## Exercise:
Look through the entries below and copy exactly the part that begins with the line containing "Πρόσκληση στη τελετή" and ends with the line containing "Замена стекла дисплея". Do not copy the pictures.
[[ Materials provided, beginning ]]
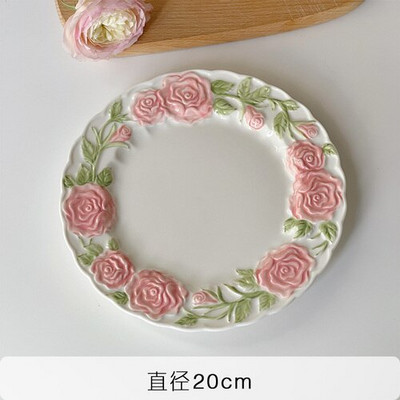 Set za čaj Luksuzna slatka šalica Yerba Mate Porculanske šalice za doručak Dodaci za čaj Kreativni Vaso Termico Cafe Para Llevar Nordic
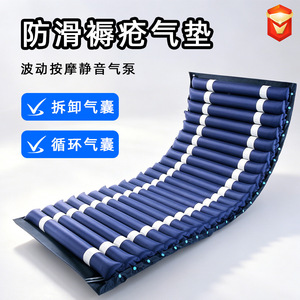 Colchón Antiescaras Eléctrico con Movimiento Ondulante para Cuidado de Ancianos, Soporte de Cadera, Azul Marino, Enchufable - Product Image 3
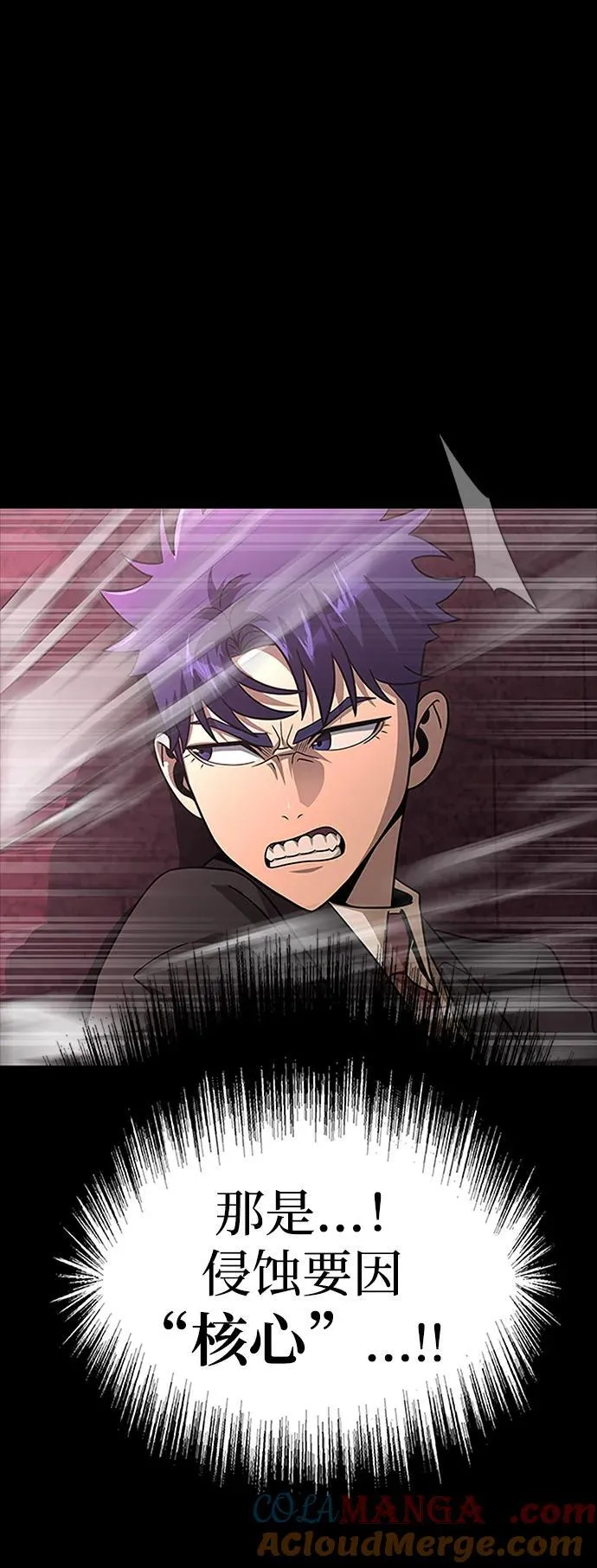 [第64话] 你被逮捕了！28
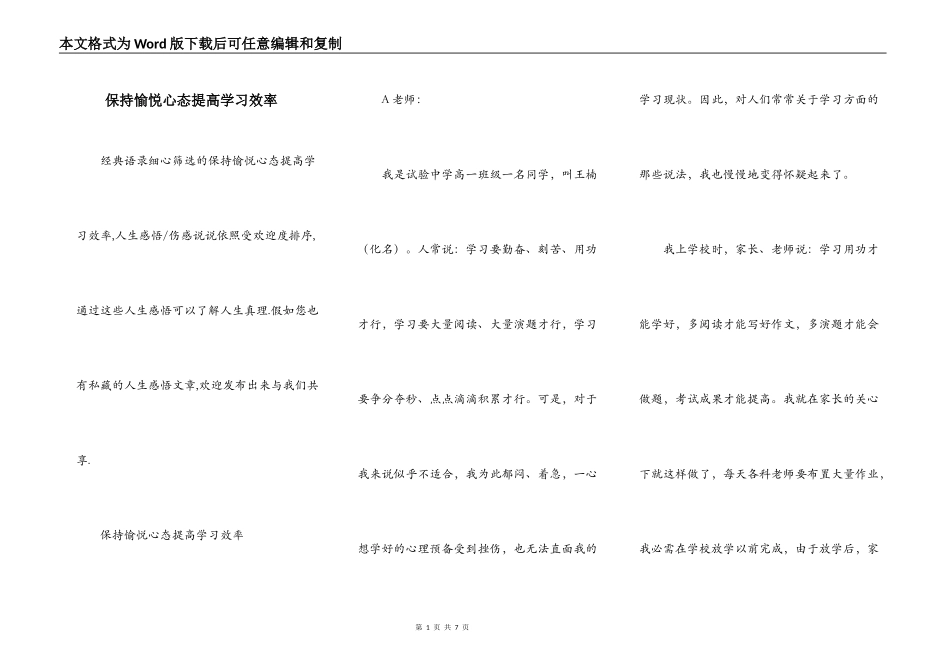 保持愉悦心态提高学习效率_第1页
[[ Materials provided, end ]]
[[ Materials provided, beginning ]]
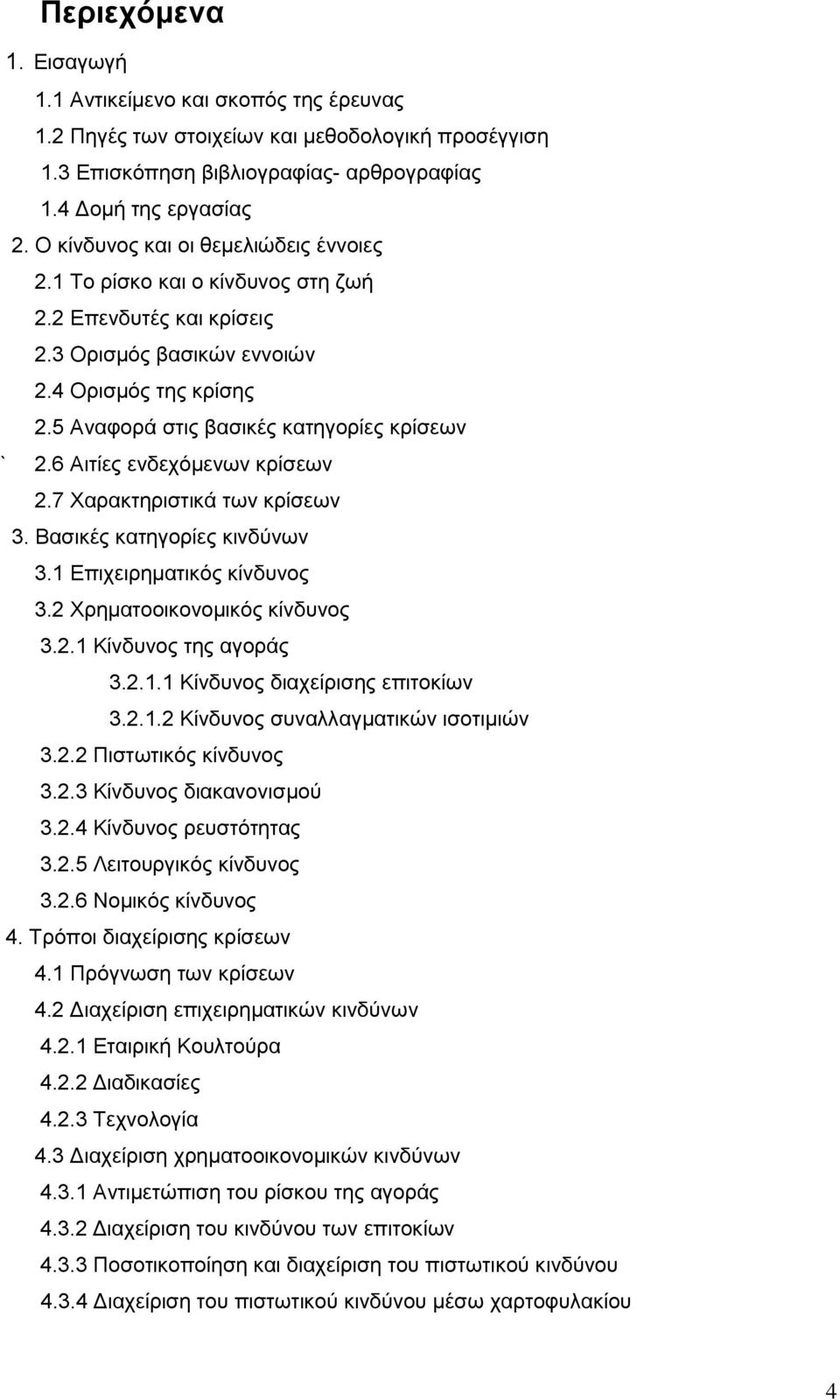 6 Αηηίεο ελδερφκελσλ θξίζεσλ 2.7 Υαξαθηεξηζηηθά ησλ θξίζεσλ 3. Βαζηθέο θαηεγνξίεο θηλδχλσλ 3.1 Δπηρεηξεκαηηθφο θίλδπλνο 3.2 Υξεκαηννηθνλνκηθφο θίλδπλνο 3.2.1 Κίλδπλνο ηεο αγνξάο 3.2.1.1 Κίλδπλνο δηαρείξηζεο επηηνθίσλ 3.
[[ Materials provided, end ]]
[[ Materials provided, beginning ]]
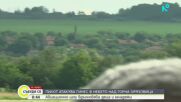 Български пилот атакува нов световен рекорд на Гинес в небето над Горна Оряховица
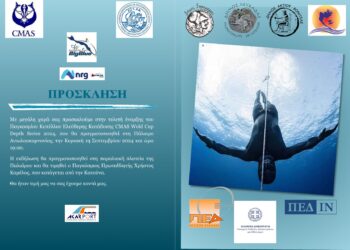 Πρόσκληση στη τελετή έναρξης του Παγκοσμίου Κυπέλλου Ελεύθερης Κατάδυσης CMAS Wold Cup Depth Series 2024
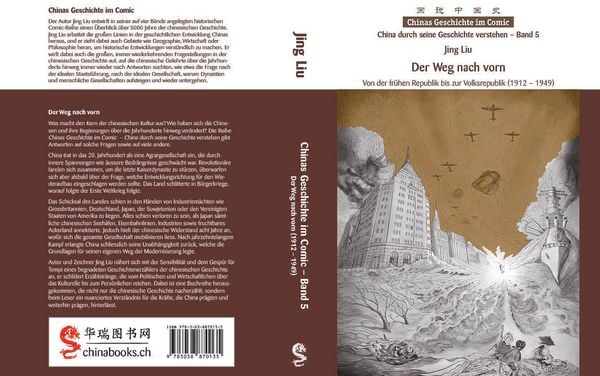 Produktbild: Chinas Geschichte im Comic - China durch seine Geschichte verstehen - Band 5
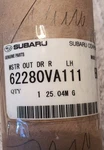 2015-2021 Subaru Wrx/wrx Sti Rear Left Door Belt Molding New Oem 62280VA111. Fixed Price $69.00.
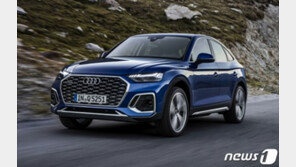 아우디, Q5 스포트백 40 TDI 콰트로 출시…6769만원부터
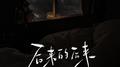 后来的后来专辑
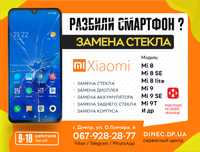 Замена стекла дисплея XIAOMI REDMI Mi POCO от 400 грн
[[ Materials provided, end ]]
## Solution for this exercise:
 Πρόσκληση στη τελετή έναρξης του Παγκοσμίου Κυπέλλου Ελεύθερης Κατάδυσης CMAS Wold Cup Depth Series 2024
 Produktbild: Chinas Geschichte im Comic - China durch seine Geschichte verstehen - Band 5
 2015-2021 Subaru Wrx/wrx Sti Rear Left Door Belt Molding New Oem 62280VA111. Fixed Price $69.00.
 아우디, Q5 스포트백 40 TDI 콰트로 출시…6769만원부터
 后来的后来专辑
 Замена стекла дисплея XIAOMI REDMI Mi POCO от 400 грн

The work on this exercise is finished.